A History of Western Philosophy

(Martin Jones) #1

Most of the learned men of the time were less devoted to dialectic than Abélard was. There
was, especially in the School of Chartres, a humanistic movement, which admired antiquity,
and followed Plato and Boethius. There was a renewed interest in mathematics: Adelard of Bath
went to Spain early in the twelfth century, and in consequence translated Euclid.


As opposed to the dry scholastic method, there was a strong mystical movement, of which Saint
Bernard was the leader. His father was a knight who died in the first Crusade. He himself was a
Cistercian monk, and in 1115 became abbot of the newly-founded abbey of Clairvaux. He was
very influential in ecclesiastical politics--turning the scales against antipopes, combating heresy
in Northern Italy and Southern France, bringing the weight of orthodoxy to bear on adventurous
philosophers, and preaching the second Crusade.
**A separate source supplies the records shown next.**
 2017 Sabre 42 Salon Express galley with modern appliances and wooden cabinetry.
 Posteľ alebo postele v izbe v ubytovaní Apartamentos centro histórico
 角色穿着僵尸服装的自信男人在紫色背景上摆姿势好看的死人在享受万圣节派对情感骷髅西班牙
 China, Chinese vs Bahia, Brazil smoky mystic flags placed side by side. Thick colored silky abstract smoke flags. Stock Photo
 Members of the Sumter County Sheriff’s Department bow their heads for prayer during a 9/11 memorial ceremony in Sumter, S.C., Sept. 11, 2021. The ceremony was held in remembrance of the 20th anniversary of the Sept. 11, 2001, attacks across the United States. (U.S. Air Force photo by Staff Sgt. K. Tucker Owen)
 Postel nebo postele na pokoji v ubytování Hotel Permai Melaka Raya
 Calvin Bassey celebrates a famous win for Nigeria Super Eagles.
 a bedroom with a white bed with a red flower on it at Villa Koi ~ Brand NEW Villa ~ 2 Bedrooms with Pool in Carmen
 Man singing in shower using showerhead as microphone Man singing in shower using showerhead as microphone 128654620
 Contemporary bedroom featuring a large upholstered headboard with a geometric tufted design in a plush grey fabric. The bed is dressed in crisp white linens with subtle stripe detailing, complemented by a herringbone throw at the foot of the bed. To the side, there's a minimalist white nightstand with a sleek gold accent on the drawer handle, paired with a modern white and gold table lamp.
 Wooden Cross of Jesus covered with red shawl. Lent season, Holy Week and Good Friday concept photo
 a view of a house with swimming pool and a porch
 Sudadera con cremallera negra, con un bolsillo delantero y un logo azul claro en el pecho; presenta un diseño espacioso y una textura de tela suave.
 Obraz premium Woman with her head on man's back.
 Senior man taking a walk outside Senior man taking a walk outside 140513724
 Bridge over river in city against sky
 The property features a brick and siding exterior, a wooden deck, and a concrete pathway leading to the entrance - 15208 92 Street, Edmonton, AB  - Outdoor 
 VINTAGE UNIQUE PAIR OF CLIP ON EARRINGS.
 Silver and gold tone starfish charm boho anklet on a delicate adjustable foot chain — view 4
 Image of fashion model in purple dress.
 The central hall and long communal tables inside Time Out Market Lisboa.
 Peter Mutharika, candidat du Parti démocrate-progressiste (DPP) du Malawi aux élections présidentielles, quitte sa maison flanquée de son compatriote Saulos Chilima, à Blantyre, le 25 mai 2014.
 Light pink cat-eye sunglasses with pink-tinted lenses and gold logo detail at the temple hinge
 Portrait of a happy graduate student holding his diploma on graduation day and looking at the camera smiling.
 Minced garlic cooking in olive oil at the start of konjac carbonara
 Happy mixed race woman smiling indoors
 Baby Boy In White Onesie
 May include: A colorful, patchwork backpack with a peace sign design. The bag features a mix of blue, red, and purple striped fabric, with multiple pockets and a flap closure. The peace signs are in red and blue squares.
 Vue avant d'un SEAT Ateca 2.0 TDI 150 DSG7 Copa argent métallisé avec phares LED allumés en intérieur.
In attacking philosophers he was usually
successful; but after the collapse of his Crusade he failed to secure the conviction of Gilbert de
la Porrée, who agreed with Boethius more than seemed right to the saintly heresy-hunter.
Although a politician and a bigot, he was a man of genuinely religious temperament, and his
Latin hymns have great beauty. * Among those influenced by him, mysticism became
increasingly dominant, till it passed into something like heresy in Joachim of Flora (d. 1202).
The influence of this man, however, belongs to a later time. Saint Bernard and his followers
sought religious truth, not in reasoning, but in subjective experience and contemplation.
Abélard and Bernard are perhaps equally one-sided.


Bernard, as a religious mystic, deplored the absorption of the papacy in worldly concerns, and
disliked the temporal power. Although he preached the Crusade, he did not seem to understand
that a war requires organization, and cannot be conducted by religious enthusiasm alone. He
complains that "the law of Justinian, not the law of the Lord" absorbs men's attention. He is
shocked when the Pope defends his domain by military force. The function of the Pope is
spiritual, and he should not attempt actual government. This point of view, however, is
combined with unbounded reverence for the Pope, whom he calls "prince of bishops, heir of the
apostles, of the




* Medieval Latin hymns, rhymed and accentual, give expression, sometimes sublime,
sometimes gentle and pathetic, to the best side of the religious feeling of the times.